Which one? I forgot exactly the brand. Tequila? Leave it in the comments if you guys know. But it's a Mexican tequila and it has like a maggot at the bottom of the tequila. Ew, that's what it's actually made of. No, that's not what it's made of. But I think they put it in there to prove that like it's real alcohol or it's like that sanitary type of thing. Oh, shit. I think. I think that's why it's there. That's crazy. Here, let me show you a picture. Or they just.

They try to cover it up. That's their excuse. No, no, no, no. It's like something people want to see. Or maggot tequila. Look, look, look. Yeah.

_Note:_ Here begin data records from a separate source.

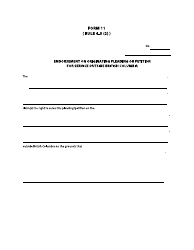 Document preview: Form 11 Endorsement on Originating Pleading or Petition for Service Outside British Columbia - British Columbia, Canada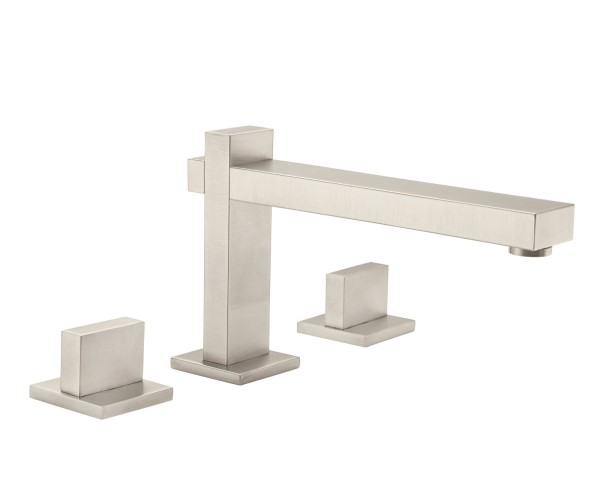 High arc, Modern Tub Filler with Square Handles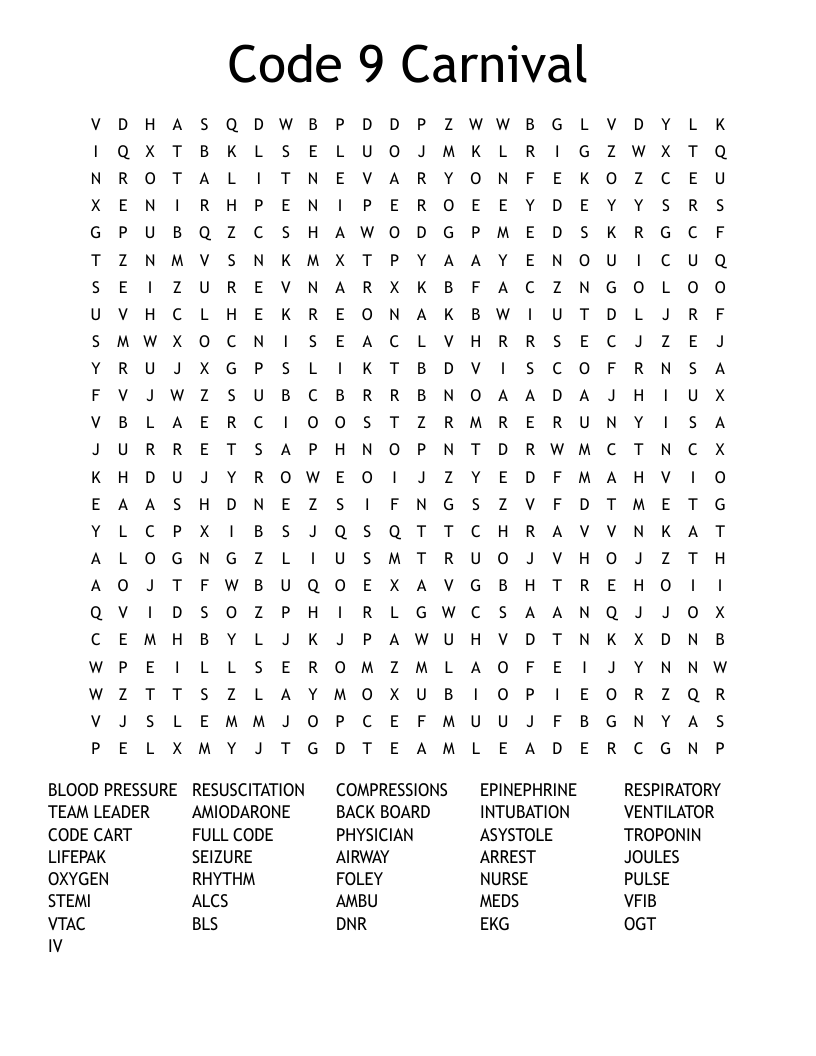 Code 9 Carnival Word Search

Maggot tequila. So they have it in the bottle, bro. Ugh. Yeah, they have it in the bottle like that. It's weird. I don't know why, though. Wait, here. Hold on, hold on. The real story behind the tequila worm. Let's see what this shit about. So they say...

It's about to be some bullshit. It's a reward for your worm eating bravery. What? See, I told you some bullshit, bro. It's probably just a marketing thing, to be honest. It is. Okay, so what I think it's saying here is that it really is just to show that, oh, it's clean type of thing. Like, you're not supposed to eat the worm, but the alcohol is that...

great yeah that would clean it and it's not gonna do no harm there's another um uh toothpaste because they they're saying that there's glitter in toothpaste i heard and those micro or what is it micro plastics yeah because a person like did this with the toothpaste and it started shining in her hand i think i think it might be bro yeah i think it might there's a whole conspiracy about that the glitter conspiracy right yeah because they still don't know

how like there's so much glitters made yeah there's so much glitter there's so many there's so many companies that do it but they have an excess for product yeah so they they're only really using it in like art

arts and crafts material paint but why is there so much there's like a huge excess and people think it's because they're putting in other products that we don't know that ass and there was one year when there was a shortage do you remember that nah so there was a shortage and then a reporter he's like okay i'm gonna try and figure out why so he goes to like the big there's only like two big i think manufacturers that produce glitter and he asked the higher up oh could we get a tour he's like no fam

And then he's like, you can't even be in the room next to it and hear how glitter is made. What the fuck? So that's like, what the fuck? It's on some, you know, Futurama? Yeah, bro. It's on some Futurama. Yeah, you can't even hear it. It's a creature. Yeah. And then they're milking it for glitter. What if it's just aliens? Ew. Making glitter, fam. Ew, bro. Like, glitter the whole time is just alien sperm.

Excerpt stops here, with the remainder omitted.